Product Description for the Spitfire BML Low Brass
A wide bore valved brass instrument used as a bass or contrabass member of an orchestra. Often used as a comedy effect for it’s short farty parps, it is often forgotten what a beautiful chocolatey tone it can give. Arranging for a choir of tuba, euphoniums and horns would provide a seemless onslaught of tear inducing beauty. In the right hands (and in Owen Slade here, we certainly are!) they can be incredibly lyrical but also, at the lowest part of their register and upper dynamic levels, monstrous and utterly terrifying!
THE CONTRABASS TROMBONE
Wagner Strauss and Schoenberg are some composers who put this instrument through its paces, however, the eponimous Samuel Adler in his book “The Study Of Orchestration” rather flippantly remarked “Since the contrabass trombone taxes the performer so greatly, we advise not to write for the instrument...” Pah to that! London has a handful of fine players and in this library we have the finest.So the CB Trombone is as the name would suggest, part of the trombone family; a brass lipped reed aerophone with a cylindrical bore featuring the familiar telescopic slide. Be warned though, whilst we have looped the samples here be wary when writing loud lower parts. You’d be lucky to get half a bar of sustained notes in these conditions.
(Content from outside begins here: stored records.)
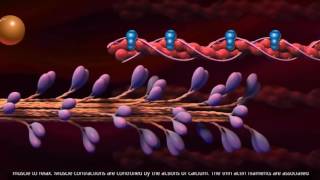 Muscle Contraction  Cross Bridge Cycle [upl. by Baal]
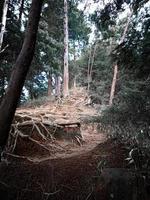 raízes de árvores da floresta na rota de escalada prau, java central foto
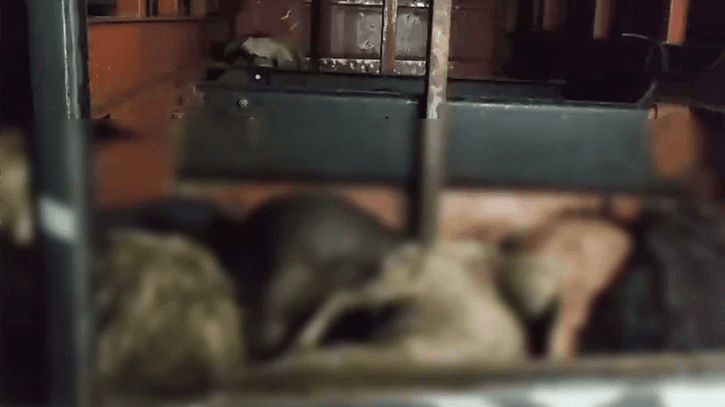 বাসের বক্সে দম বন্ধ হয়ে মারা গেল ৪৭ ছাগল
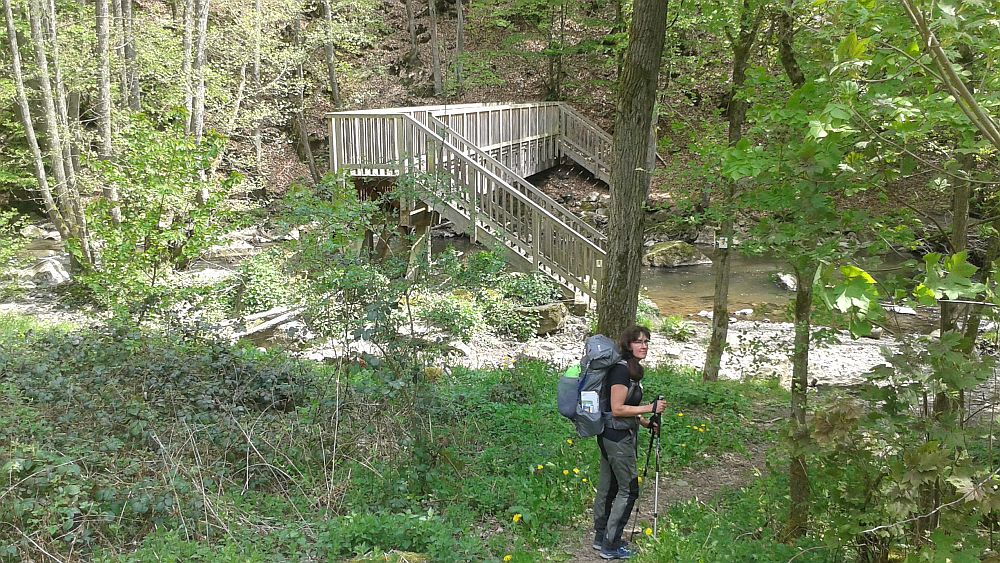 Soonwaldsteig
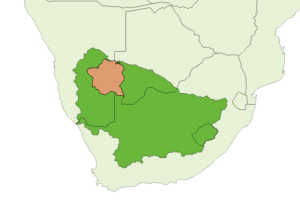 Stampriet Transboundary Water System a Basin of Aquifers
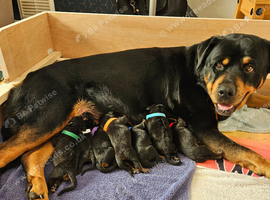 Rottweiler puppies
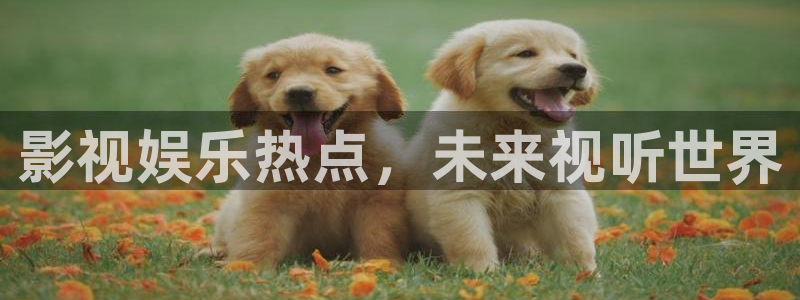 青柠影院免费观看电视剧高清免费网：影视娱乐热点，未来视听世界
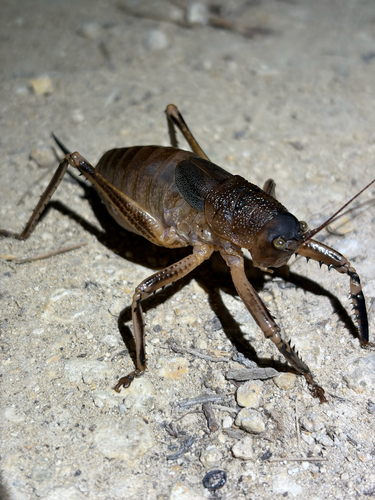 Nesoecia nigrispina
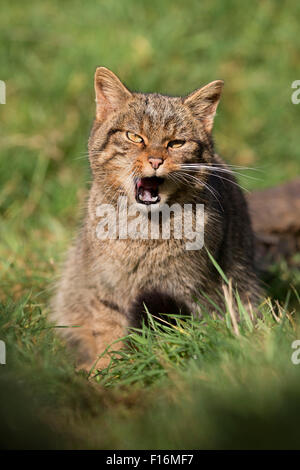 Wildcat; Felix sylvestris singolo; bocca aperta REGNO UNITO Foto Stock
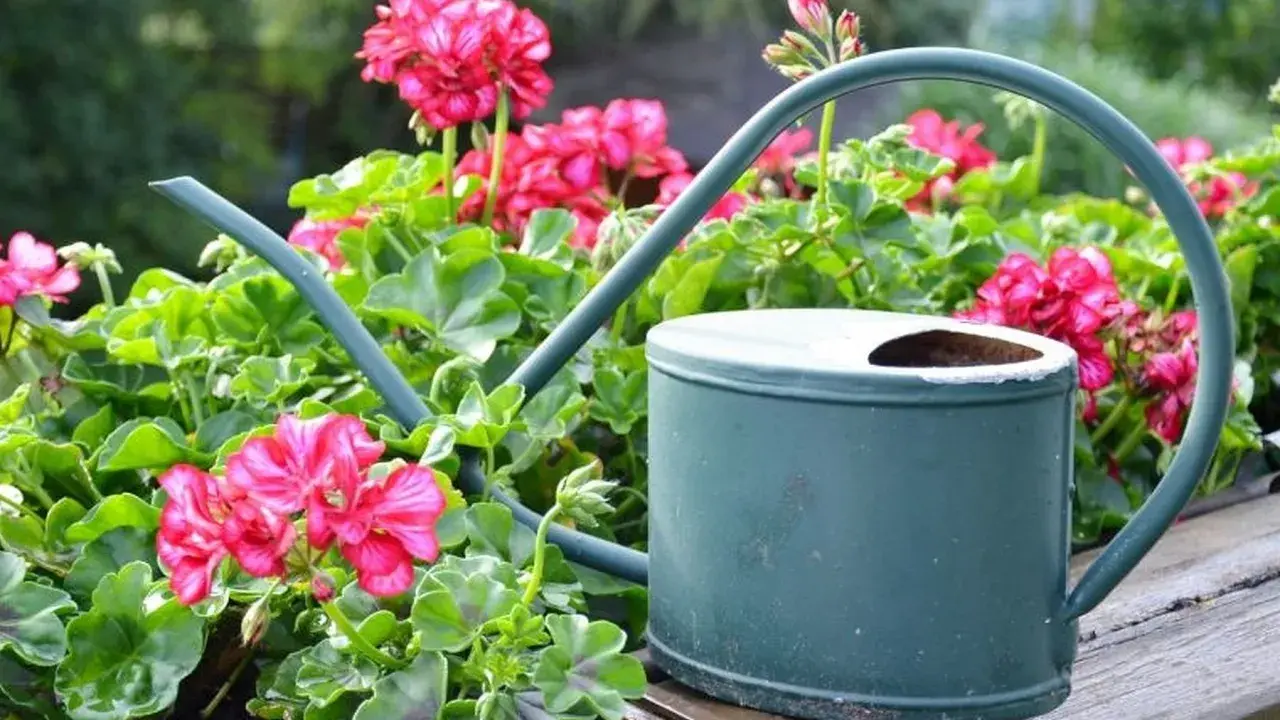 Zielona konewka wśród bujnych, kwitnących na różowo pelargonii pełnych.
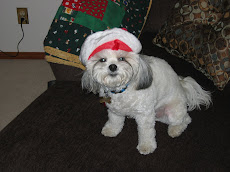 Ready for Christmas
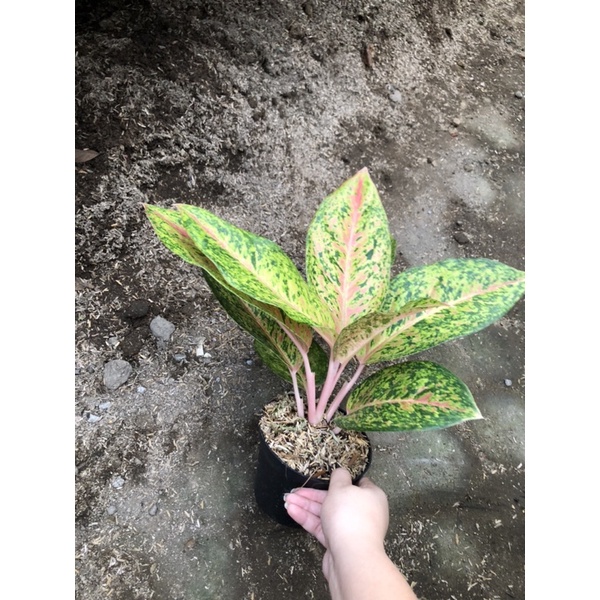 Aglaonema Big Roy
In 1881 G.C. Pelitti created at Verdi’s request a new low brass instrument, the “trombone basso Verdi”. Verdi scored for this instrument in subsequent operas, Otello and Falstaff, thereafter it was adopted by most Italian orchestras. It slipped into obscurity in the 20th century (orchestras opting to pass these parts onto the Tuba) but has seen a recent revivial, especially in the realm of film scores. It is a valved instrument with the appearance of a tuba that has been on a very effective diet. Whilst it’s range is quite low it’s finer bore doesn’t offer as much chocolatey bottom end that the Tuba does. But it’s not this that we’re looking for with a Cimbasso, for the real character of the instrument is in it’s upper dynamics and Cuivre style of playing. For therein lies a sound that could have sprung straight out of a Hyronemous Bosch painting.
As above but with 2 two different players playing at the same time. Combine the two patches and you have three Verdi trombone bassos!